**YOUR INSTRUCTIONS:**
Give back, unaltered, the lines from the one with "The best part of an internet outage…" to the end of the material, omitting pictures.

BEGIN COLLECTED DATA

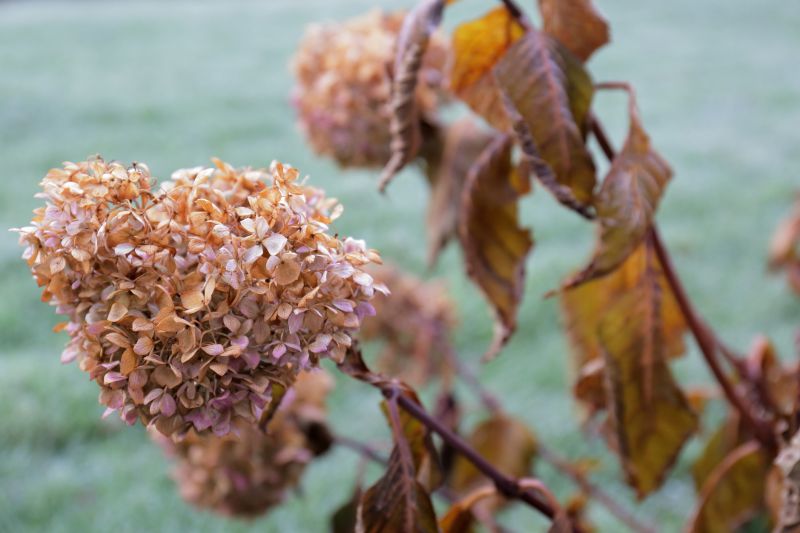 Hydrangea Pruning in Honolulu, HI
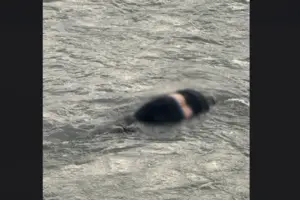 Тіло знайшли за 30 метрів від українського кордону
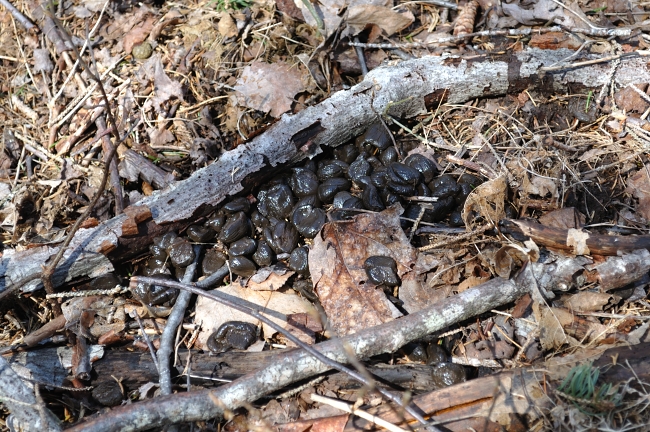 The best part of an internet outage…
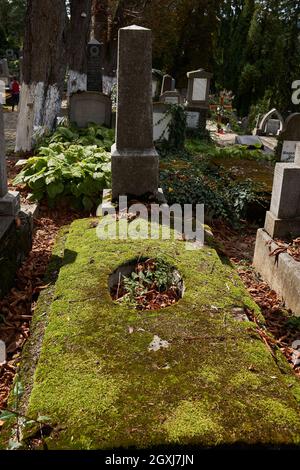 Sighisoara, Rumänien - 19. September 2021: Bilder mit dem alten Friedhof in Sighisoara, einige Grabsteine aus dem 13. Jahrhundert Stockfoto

END COLLECTED DATA

**EXERCISE ANSWER:**
 The best part of an internet outage…
 Sighisoara, Rumänien - 19. September 2021: Bilder mit dem alten Friedhof in Sighisoara, einige Grabsteine aus dem 13. Jahrhundert Stockfoto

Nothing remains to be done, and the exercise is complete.